One solution is to hard-code an effect I want to play with into the sketch, and then compile this and upload it into the Chronograph, but this is painful and time-consuming. Another option is to define a set of digital pins as being of type INPUT_PULLUP, and to then use flying leads to pull them down to 0V as required.


(Source: Max Maxfield/Embedded.com)

This is the technique I was using for a long time… until the Simblee came along. Remembering that the Simblee contains a 32-bit Cortex-M0 processor along with its Bluetooth Smart engine, the majority of users will almost certainly use the Simblee as a standalone solution to monitor and control things. In my case, however, I already have everything running on an Arduino Mega. Furthermore, my Cunning Chronograph is based on NeoPixels, whose critical timing is controlled using assembly code for the Arduino's Atmel processor. Thus, in this case, I simply used my Simblee to replace my hard-wired controls as illustrated below.


(Source: Max Maxfield/Embedded.com)

Now I can use my iPad to control my Simblee, which — in turn — controls my Arduino. The best way to wrap your brain around this is to see it in action, so I just uploaded this video for your delectation and delight.

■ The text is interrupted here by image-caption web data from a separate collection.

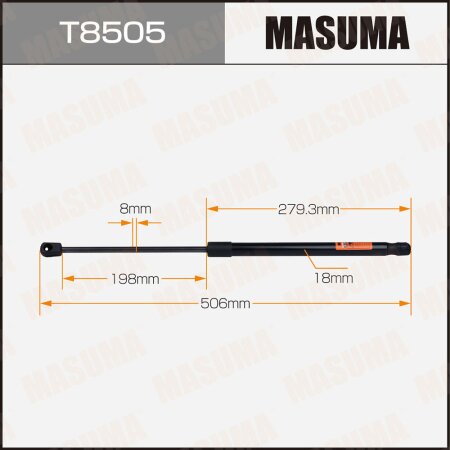 Упор газовый багажника MASUMA, T8505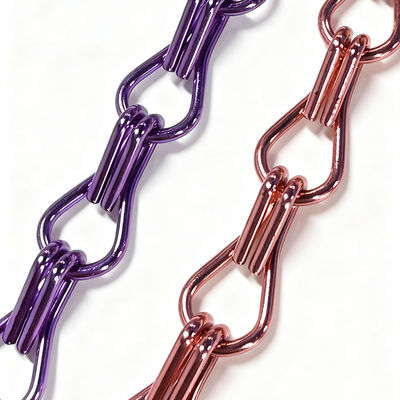 ตกแต่ง Chainmail แหวนตาข่ายม่านหน้าจออาคาร Facades สีธรรมชาติ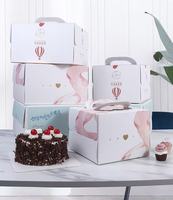 Scatola per Torte Usa e Getta con Finestra e Manico, con Base per Torta, Prezzo di Fabbrica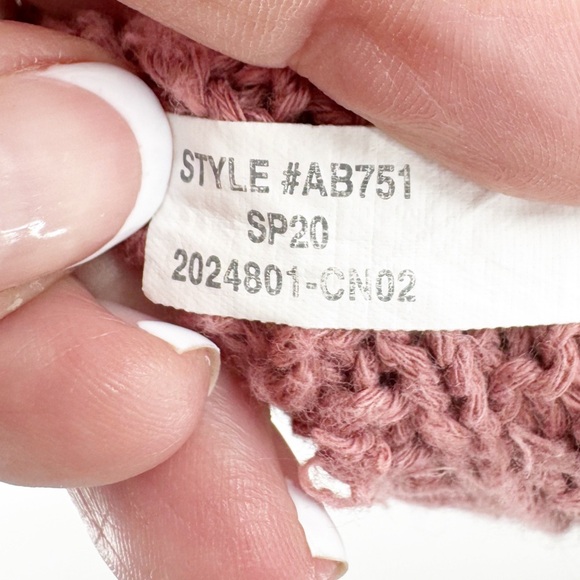 ✅Madewell Bobble Cardigan Sweater Vintage Quartz SIZE X-SMALL POCKETS OPEN FRONT - Picture 7 of 8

When I first conceived my BADASS Display, I thought it would be a good idea to locate the control panel at the bottom of the main front panel. This was a decision I've come to regret because I have to keep on bending down to swap effects. Now I can add a Simblee to mirror the actions of the control panel on my iPad's screen, so I can configure the display from the embrace of my comfy chair. The bottom line is that I'm planning on sticking Simblees in all of my hobby projects. I love these things!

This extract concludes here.